▶ _TASK DIRECTIONS_: Once you find the line with "Almost Went To JAIL?! (GTA RP)" in the listing below, please repeat it and every later line exactly, through the last one, without pictures.

◆ ◆ ◆ ◆ ◆ ◆ ◆

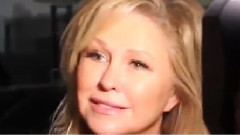 Paris Hilton - Paris Hilton Goodtime Release Party feat. Lil Wayne at Create Nightclub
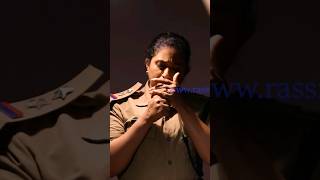 ഷഡ്ഡി ഊരി മുളക് തേച്ച് കൊടുക്ക് mood 5#ladycop #punishments #shortsvideo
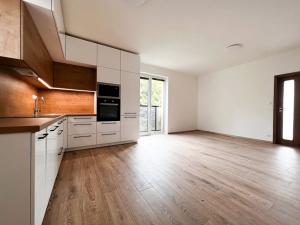 Prodej bytu 3+kk, Havlíčkův Brod, Rozkošská, 92 m2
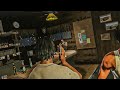 Almost Went To JAIL?! (GTA RP)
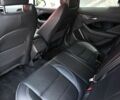 Ягуар I-Pace, об'ємом двигуна 0 л та пробігом 61 тис. км за 32061 $, фото 19 на Automoto.ua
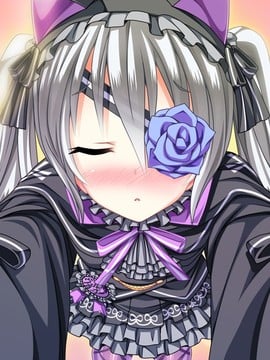 [CG] ちぇ～んじ！ ～あの娘になってクンクンペロペロ～_468_d12r1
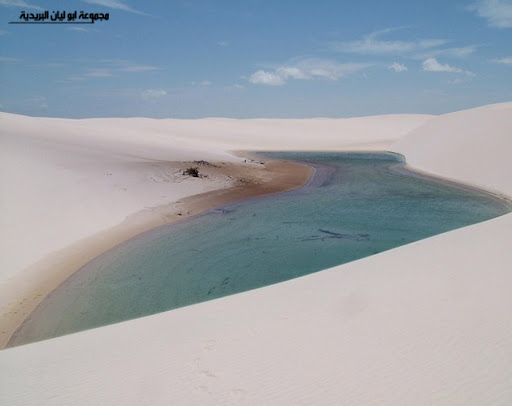 صور حديقة الرمال البيضاء‎ في البرازيل A%20%2818%29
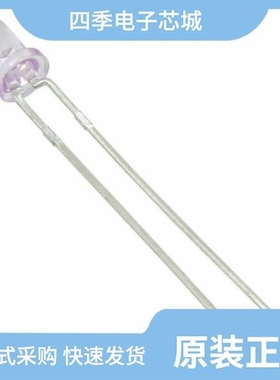 QEC123/QED122/QED123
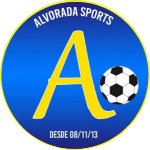 Альворада Спортс U20
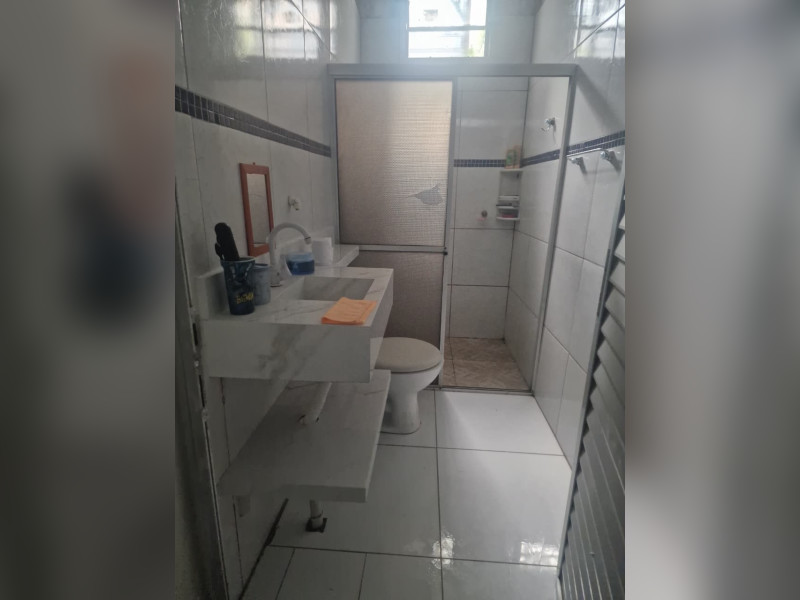 imóvel com 280m² - Gilberto Mestrinho - Manaus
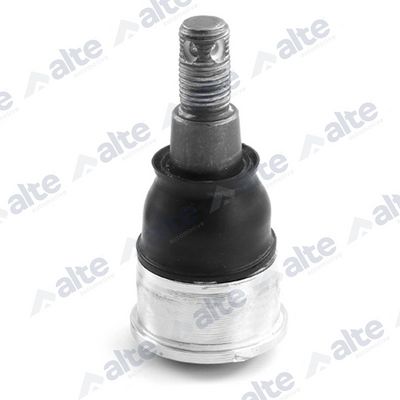 Balst-/Virzošais šarnīrs ALTE AUTOMOTIVE 96538AL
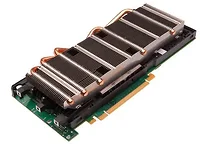 Supermicro-AOC-GPU-NVM2090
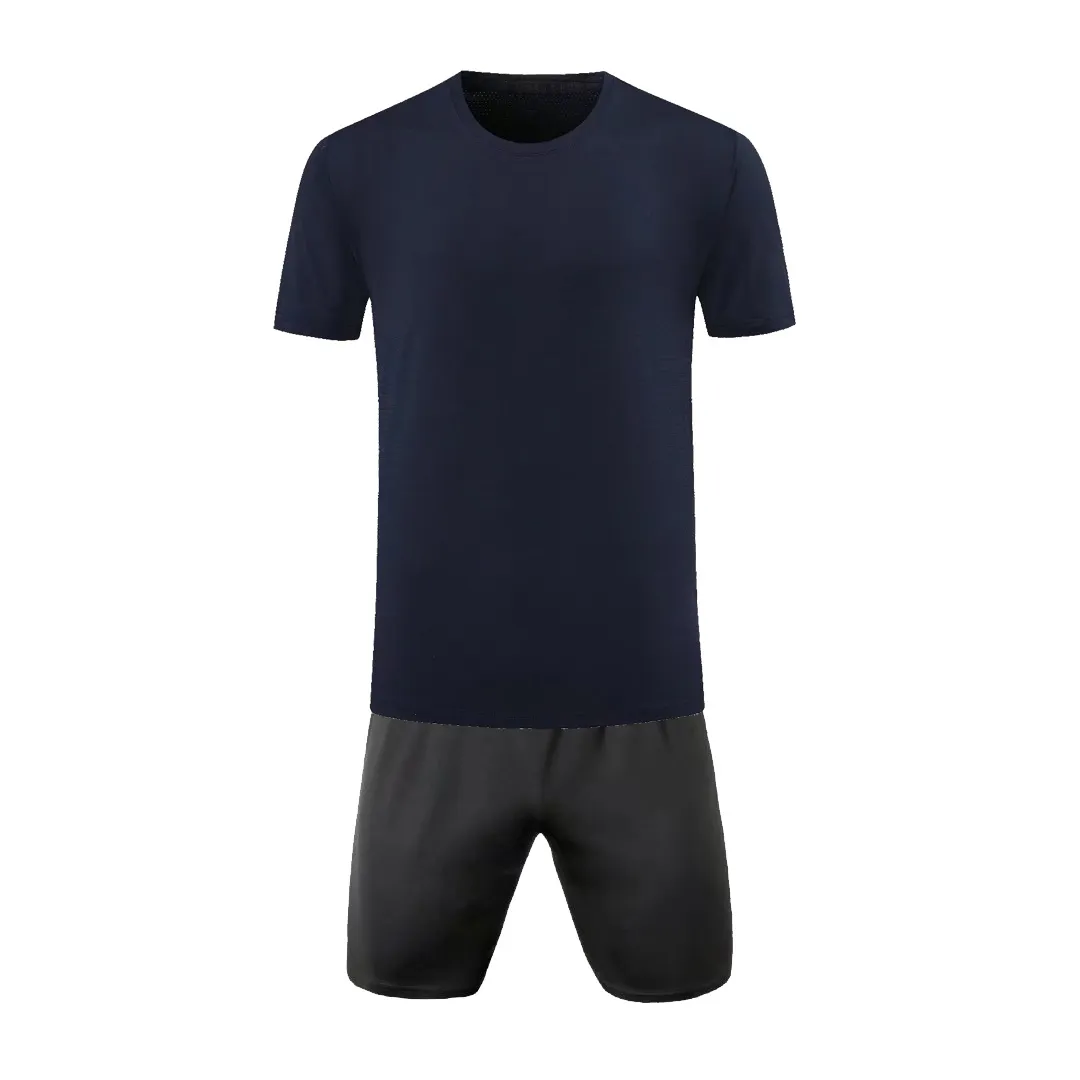 KANE National Soccer Training Jersey For Men And Kids Boxed Set With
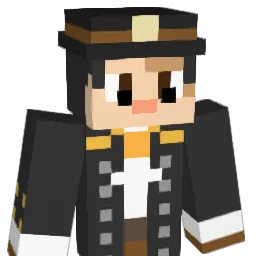 huuri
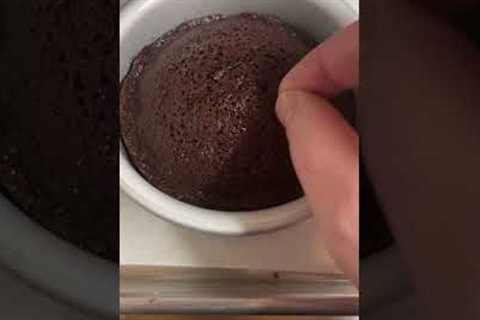How to Tell When Chocolate Cake is Done Baking &amp; What to Do With Under/Overbaked Cakes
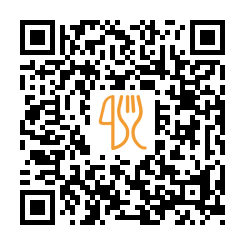 Link z kodem QR do karta วัฒน์นมสด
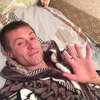 Евгений, 29, г.Уссурийск Евгений, 29, г.Уссурийск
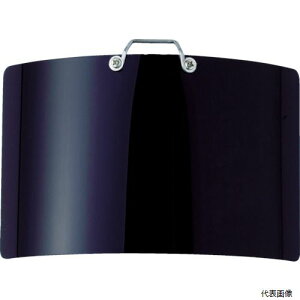 gXR TLFH-2G TRUSCO hЖʗpփv[g O[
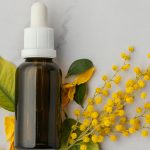 Ylang Ylang Essential Oil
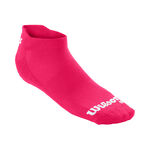 Vêtements De Tennis Wilson Rush Pro Crew Socks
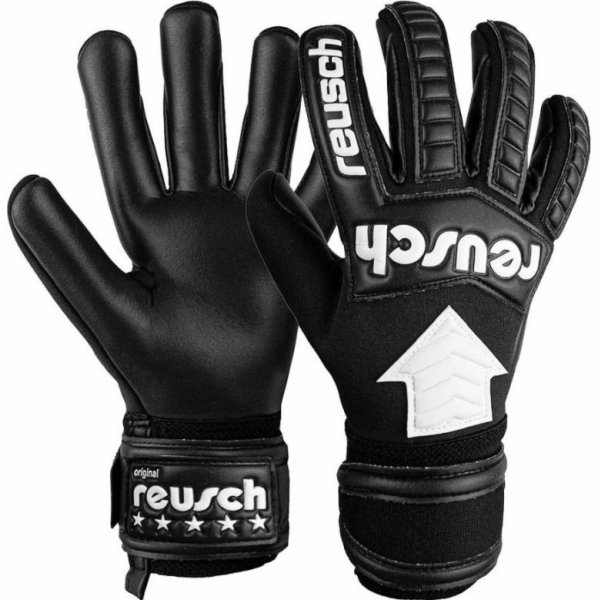 Rukavice Reusch Reusch Legacy Arrow Gold X 53 70 904 7700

◆ ◆ ◆ ◆ ◆ ◆ ◆

▶ _RESULT OF THIS EXERCISE_:
 Almost Went To JAIL?! (GTA RP)
 Ягуар I-Pace, об'ємом двигуна 0 л та пробігом 61 тис. км за 32061 $, фото 19 на Automoto.ua
 [CG] ちぇ～んじ！ ～あの娘になってクンクンペロペロ～_468_d12r1
 صور حديقة الرمال البيضاء‎ في البرازيل A%20%2818%29
 QEC123/QED122/QED123
 Альворада Спортс U20
 imóvel com 280m² - Gilberto Mestrinho - Manaus
 Balst-/Virzošais šarnīrs ALTE AUTOMOTIVE 96538AL
 Supermicro-AOC-GPU-NVM2090
 KANE National Soccer Training Jersey For Men And Kids Boxed Set With
 huuri
How to Tell When Chocolate Cake is Done Baking &amp; What to Do With Under/Overbaked Cakes
 Link z kodem QR do karta วัฒน์นมสด
 Евгений, 29, г.Уссурийск Евгений, 29, г.Уссурийск
 gXR TLFH-2G TRUSCO hЖʗpփv[g O[
 Ylang Ylang Essential Oil
 Vêtements De Tennis Wilson Rush Pro Crew Socks
 Rukavice Reusch Reusch Legacy Arrow Gold X 53 70 904 7700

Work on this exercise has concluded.